The government deficit is tracking higher than forecast on the back of a lower tax take.
Official figures show a deficit of $3.2 billion for the eight months ended February, about $600 million higher than forecast.
Tax revenue was $1b below forecast at $73.3b, due to lower GST, personal tax, source deductions and customs duties.
Treasury said it was largely because of weaker-than-forecast consumption, labour market and business profits.
Net debt of $71.9b was 18.9 percent of the value of the economy, compared to the forecast of 20 percent, aided by an increase in the value of investments.
Expenses were $800m below forecast, mainly because of lower Covid-19 spending. It was also due to lower expenses on core government services, social security, environmental protection, housing and community development, and economic and industrial services.
It was offset by finance costs that increased as a result of higher-than-expected interest rates.
Minister of Finance Grant Robertson said the government books were in "solid shape" despite the higher-than-expected deficit.
"As I've previously said, 2023 is going to be a difficult and testing year. We are well-placed to respond as New Zealand navigates a pathway through cost of living pressures, the impact of recent extreme weather and an uncertain global environment."
Robertson said the February result included some of the impacts of recent severe weather, and warned the government's finances would take a further hit as a result.

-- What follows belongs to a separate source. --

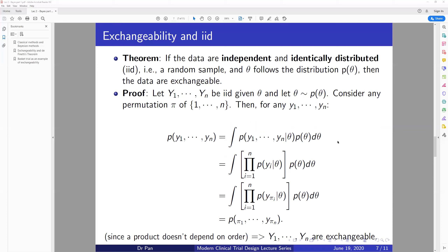Now let's talk about the relationship between exchangeability and IID — independent and identically distributed. There is a very important theorem linking them. The theorem states: if the data Y1 to YN are IID given theta, and theta follows distribution P(theta), then the data are exchangeable. This means IID is a stricter assumption than exchangeability. Since a weaker assumption allows broader application in practice, Bayesian methods have more general usage than the IID assumption.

"We are continuing to strike a balance to support Kiwis through these challenging times and invest in strong public services and a resilient infrastructure network while carefully managing our resources to ensure the long term sustainability of the economy."
Robertson added the government had the fiscal headroom to deal with the effects of Cyclone Gabrielle and future economic shock.
He said New Zealand's debt levels at 18.9 percent of GDP was among the lowest in developed nations.